De-Personalisation
The Honest Broker Service was established considering the Information Commissioners Office Anonymisation Code of Practice and the new guidance on anonymisation and pseudonymisation.
Data accessed in the Honest Broker Service Safe Setting is data that has been de-personalised but where there is a risk of disclosure as the extra detail could potentially allow an individual service user to be re-identified if additional steps and processes were not in place.
The extra granularity of information is needed during the course of research in the Safe Setting to get useful results.
Within the Safe Setting the data is protected with additional controls (security controls, process controls and contractual controls). Researchers are trained in how to operate data in the safe setting and are subject to contracts which outline potential sanctions for misuse of the data.
The results which are released from the Safe Setting for publication are aggregate data which has been checked and can be published openly as it is not possible to identify any individual.
During these processes the data moves through what the ICO refer to as the “spectrum of identifiability”, this is outlined in detail in Chapter 2 of the new guidance which recently went out for consultation and in this useful guide provided by Understanding Patient Data.
Chapter 2: How do we ensure anonymisation is effective?
UK Research and Innovation have also published guidance on identifiability, anonymisation and pseudonymisation which discusses the concept of identifiability and how techniques such as anonymisation and pseudonymisation can be used to minimise the risk of identifiability of data for research.
The steps taken are outlined below:
Preparing data for access within the safe setting:
- To de-personalise the data the Honest Broker Service remove all direct identifiers such as Health and Care Number and Name, Address, full Date of Birth.
- We also consider secondary identifiers, these are characteristics that when combined with other data could potentially identify a person.

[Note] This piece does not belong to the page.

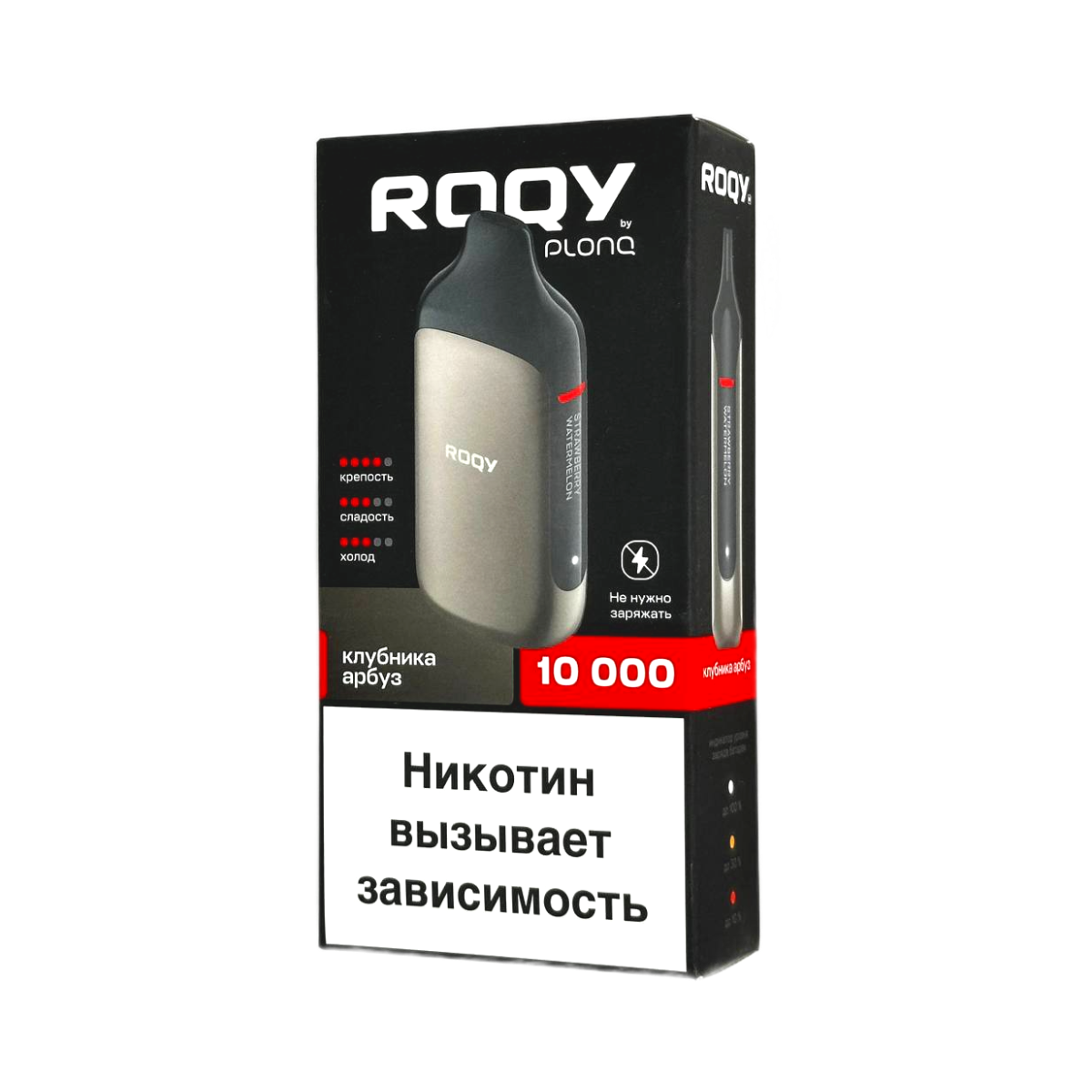 PLONQ ROQY M 10000 Клубника арбуз 2%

An example of reducing identification risk through secondary identifiers would be creating age-bands rather than giving out individual age and also aggregating data up to larger geographies rather than providing precise location data.

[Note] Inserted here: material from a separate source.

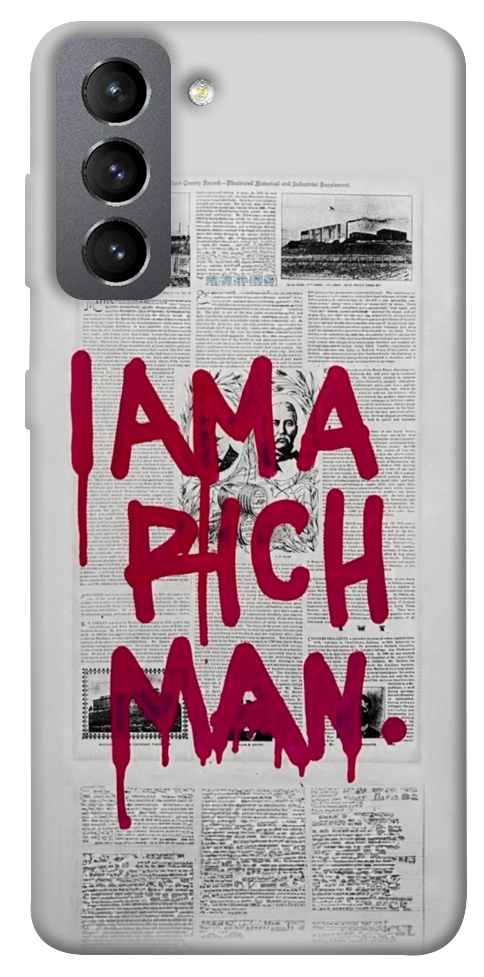 Чохол Mom I am a rich man для Galaxy S21 FE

- The wider context of the analysis is also considered, for example if the focus of the research is a rare disease or relates to public events already well documented in the public record it may not be possible to effectively de-personalise the data. Issues like this would usually be discussed in assessing the feasibility of a project and could mean that the project does not progress or there may be additional requirements in order to protect the data such as requirement to attend the physical safe room to conduct analysis rather than accessing data remotely.
Outputs
- When a researcher has completed a piece of analysis they submit an output request which is screened by the Honest Broker Service team prior to release. We use agreed statistical disclosure control techniques to ensure there is no risk of re-identification.
- We apply a threshold which is the number of observations (count of individuals) displayed or underpinning a piece of analysis that must be met for the output to be considered safe for release. The threshold commonly applied across Trusted Research Environments and used by the Honest Broker Service is 10.
- The outputs that are released would usually be aggregate counts, results of statistical tests, graphs and occasionally code.